September PMIs confirmed the contractionary trend we have seen in recent months, with the composite PMI coming at 47.1, despite a slight increase from the August 33-month low (46.7). The continued drag mostly attributes to the manufacturing sector where PMIs declined to 43.4, whereas the service PMI surprisingly edged higher to 48.4 from 47.9 in August – though remaining in contractionary territory. The readings suggest that the euro area economy is cooling at a pace that is still comfortable for the ECB as inflation is coming down and the unemployment rate remains at historic lows of 6.4%. We still have the ‘soft landing’ as our base case and believe that the pace of the current slowdown will prevail in the coming months due to persisting monetary headwinds and waning demand. Yet, the risk is still that we suddenly will see a sharp contraction if energy prices increase sharply over the winter and financial conditions quickly tightens.
Headline inflation posted a 2-year low in September cooling to 4.3% y/y from 5.2% y/y in August, while core inflation printed at 4.5% compared to 5.3% in August. The upbeat prints are mostly attributed to fading base effects from various government subsidies provided last year affecting both energy and core services inflation. Still, the month-on-month change in inflation also declined in September and shows encouraging signs especially in core inflation. The underlying price pressure still persists but the trend is clearly declining in line with signals from PMI output prices. That said, it is still too early to declare victory over inflation. Input prices within the service sector picked up for the second consecutive month due to continued wage increases. Further wage increases from the strong labour market, higher than expected energy prices, and the risk of food price increases from the upcoming ‘El Niño’ provides upside risks to the inflation outlook.
In line with our call, the ECB delivered a 25bp hike at the September meeting, while also indicating that the hiking cycle is on pause for now. Generally, our main conclusion of the meeting was that the ECB now plans on maintaining policy rates at current levels for some time instead of continuing to hike policy rates. The ECB’s staff inflation projections was revised higher for 2023 and 2024 but lower for 2025. For core inflation, the projection is now slightly lower across the board – see Flash ECB Review, 14 September. With regards to the October meeting, we believe that the ECB has concluded its hiking cycle (deposit rate of 4.00%) – in lieu we expect the ECB to task committees to look into an advancement of the end date to full PEPP reinvestments.

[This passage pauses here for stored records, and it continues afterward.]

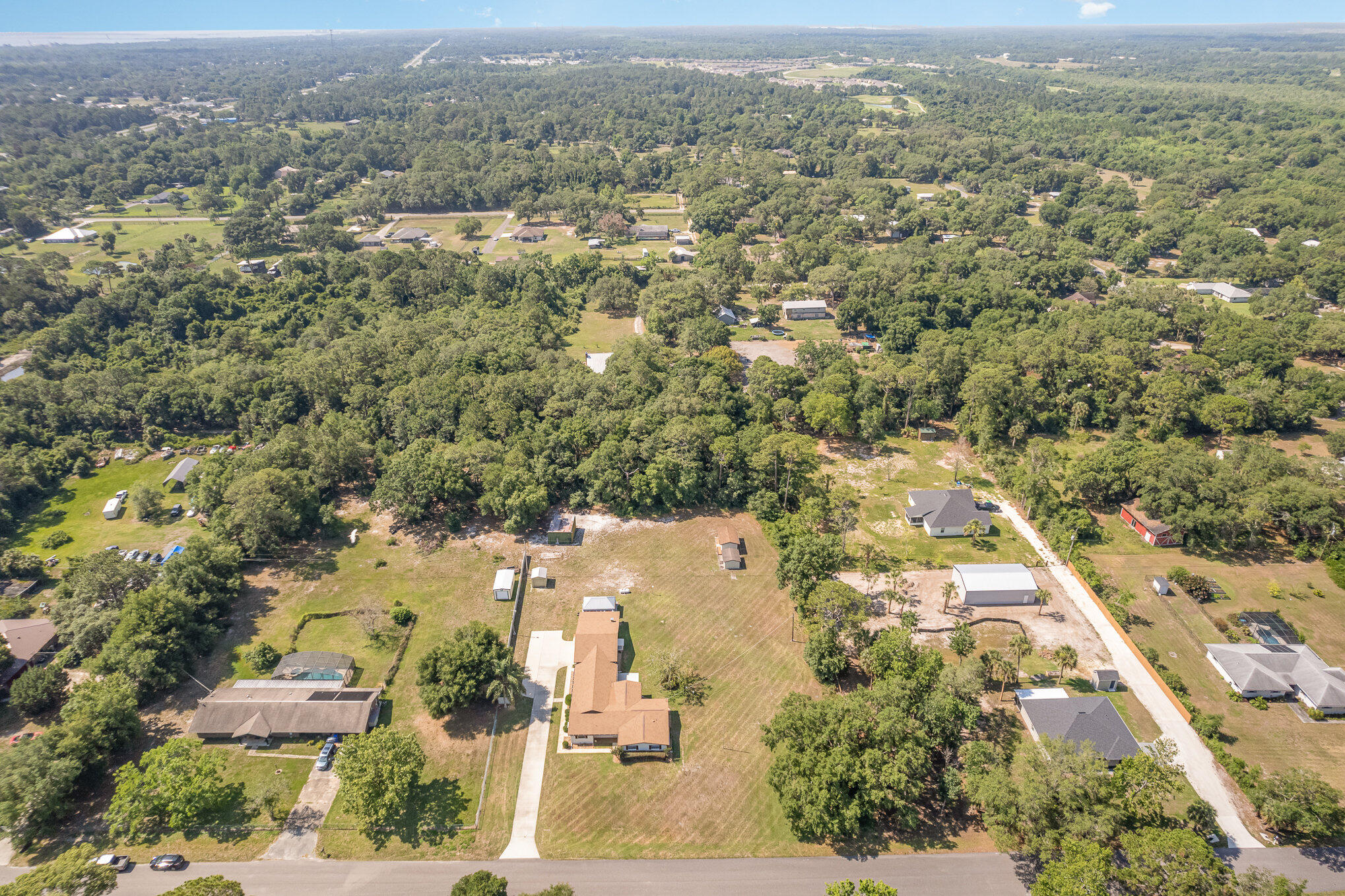 4015 Grantline Road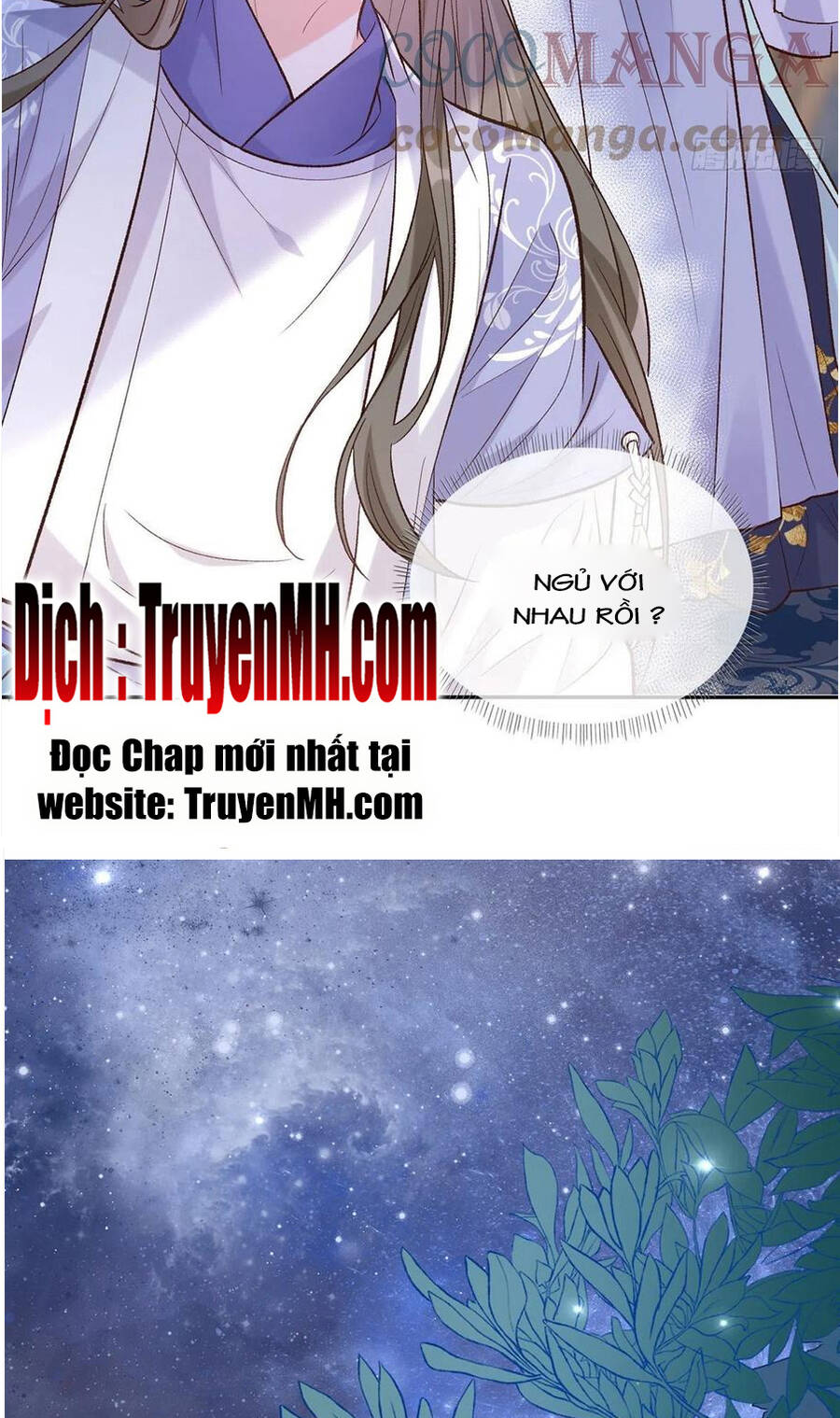 Kiều Mỵ Phu Lang, Tại Tuyến Lục Trà Chapter 82 - Trang 11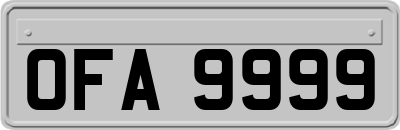 OFA9999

As populist parties are gaining increasingly political support within Europe, the Polish national election on October 15th will be key to follow. The recent election in Slovakia is the latest example of this movement, with Robert Fico’s populist Smer party winning 22.9% of the votes. Fico has publicly advocated for an end of Slovakia’s support to Ukraine and a change in the EU’s direction. In Poland, a potential third term for the ruling nationalist party Law and Justice (PiS) could support the nationalistic rise in Europe given the party’s interest in shifting EU’s course. Opinion polls suggest that PiS could win the vote but may struggle to form a majority. With the Smer party’s win in Slovakia and PiS potentially winning the Polish elections a nationalistic block with the two countries and Viktor Orban’s Hungary could complicate decision-making within the EU on support for Ukraine amongst other things.